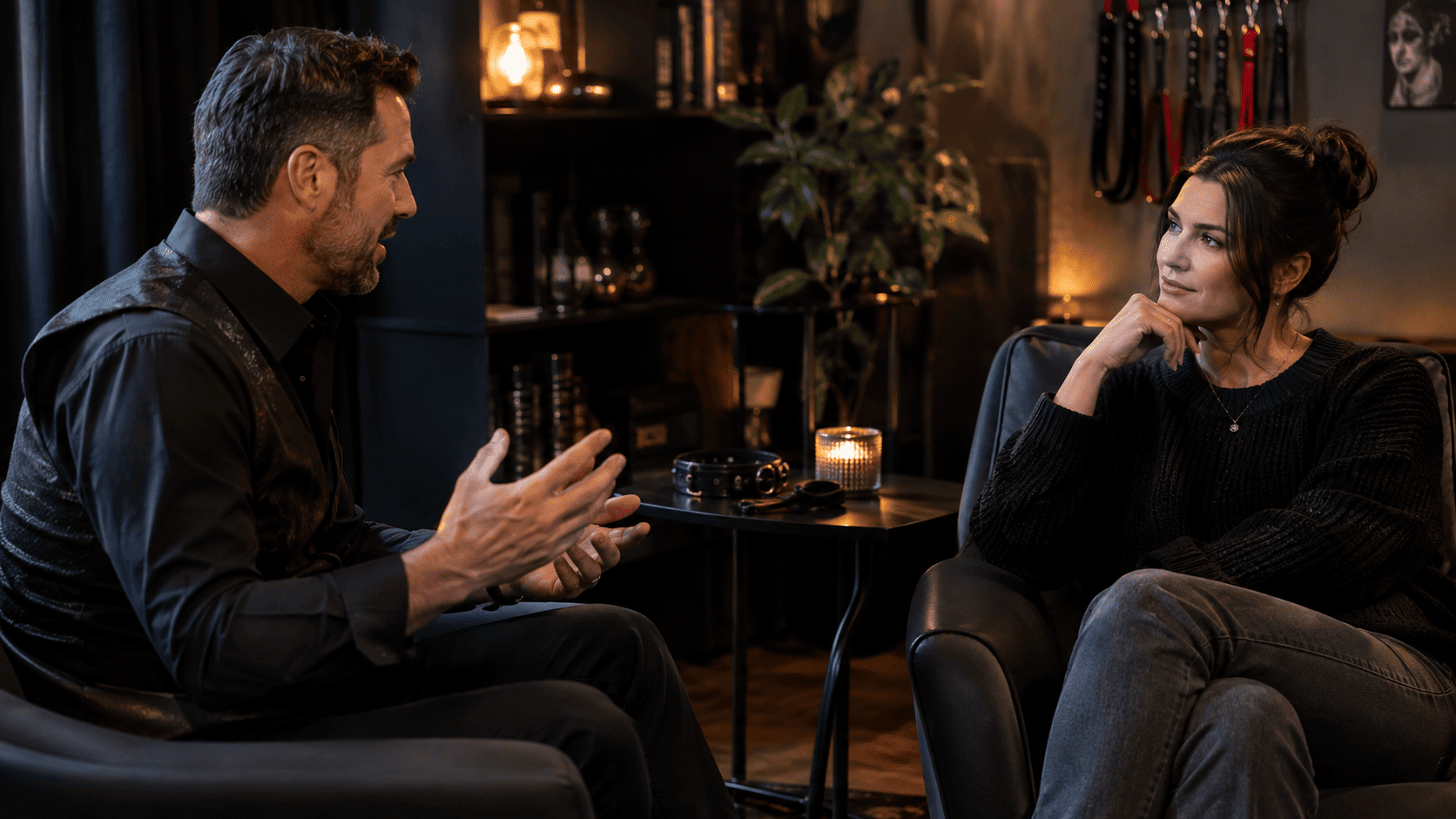 BDSM und Hypnose – zwischen Suggestion, Vertrauen und Kopfkino – Mittwoch, 31. Januar 2029 um 20:00 Uhr
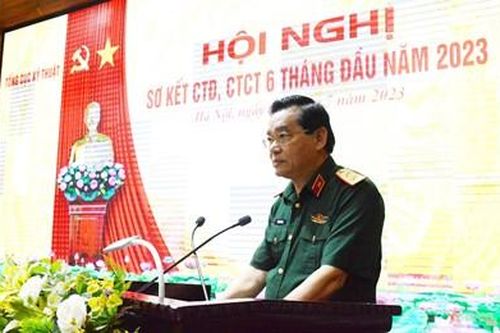 Tổng cục Kỹ thuật nâng cao chất lượng, hiệu quả hoạt động công tác Đảng, công tác chính trị 6 tháng cuối năm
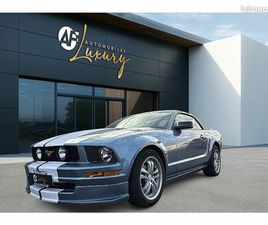 FORD MUSTANG CABRIOLET FORD MUSTANG V CABRIOLET 4.0 V6 210 SOHC PREMIUM 2005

What this task involves - The task requires the full listing to be given again verbatim, without its pictures.

Final answer -
 BDSM und Hypnose – zwischen Suggestion, Vertrauen und Kopfkino – Mittwoch, 31. Januar 2029 um 20:00 Uhr
 Tổng cục Kỹ thuật nâng cao chất lượng, hiệu quả hoạt động công tác Đảng, công tác chính trị 6 tháng cuối năm
 FORD MUSTANG CABRIOLET FORD MUSTANG V CABRIOLET 4.0 V6 210 SOHC PREMIUM 2005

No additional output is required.